The objective of this study was to analyze millet protein hydrolyzates and peptide fractions with molecular mass under 3.0 kDa obtained from grains treated with different temperature values as inhibitors of angiotensin-converting enzyme (ACE), α-amylase, and α-glucosidase activity. The protein fractions were hydrolyzed in vitro in gastrointestinal conditions and the highest degree of hydrolysis was noted for globulin 7S obtained from control grains (98.33%).

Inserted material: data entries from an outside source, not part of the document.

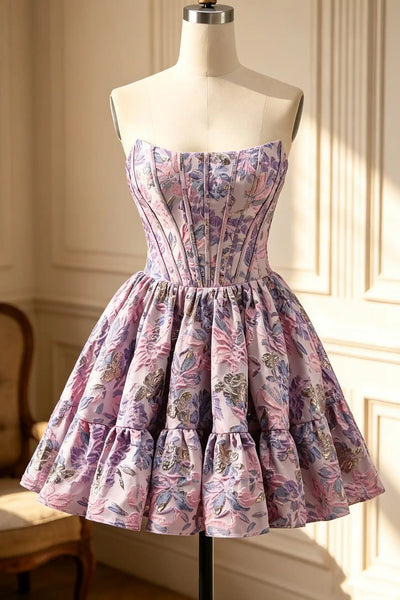 A short off-the-shoulder dress with a floral print in shades of pink, purple, and green, displayed on a mannequin in an indoor setting with warm sunlight and panelled walls.
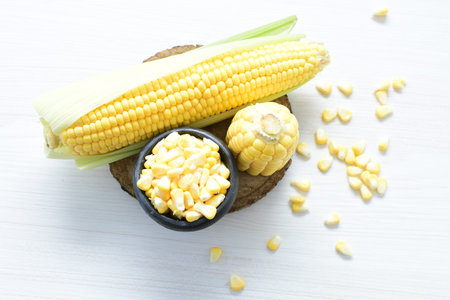 yellow sweet corn (cob) and green husk, chopped and shelled corn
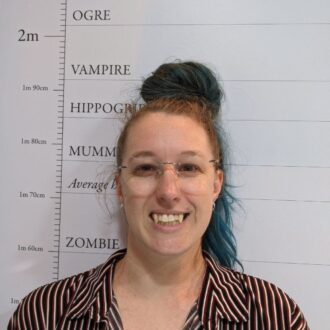 Claire stands smiling in from of a height chart depicting different monsters, the height marker indicates that they are a vampire. They have long blue hair tied up in a bun on top of their head, they're smiling at the camera with fake fangs poking out of their mouth. Claire is a white person, wearing a striped brown and white shirt and rimless glasses with lenses shaped like love hearts.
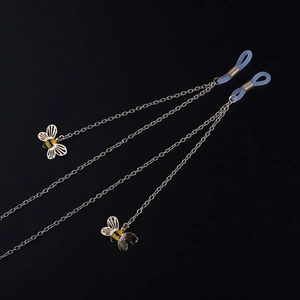 Rutschfeste goldene Brillenkette mit farbigen Bienenanhängern und Silikonschlaufen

All samples were characterized by a high peptide bioaccessibility index, which was 23.89 for peptides obtained from globulin 11S after treatment with 100 °C. The highest peptide bioavailability index was noted for peptides obtained from globulin 11S after the treatment with 65 °C (2.12). The highest potential metabolic syndrome inhibitory effect was determined for peptide fractions obtained from the prolamin control (IC50 for ACE and α-amylase was 0.42 and 0.11 mg/mL, respectively) and after the 100 °C treatment (IC50 for ACE and α-glucosidase was 0.33 and 0.12 mg/mL, respectively) and from globulin 11S after the 65 °C treatment (IC50 0.38 and 0.05 for ACE and α-glucosidase, respectively). The effect of these samples on endothelial cell HECa10 was determined. The sequences of potential inhibitory peptides were identified as GEHGGAGMGGGQFQPV, EQGFLPGPEESGR, RLARAGLAQ, YGNPVGGVGH, and GNPVGGVGHGTTGT.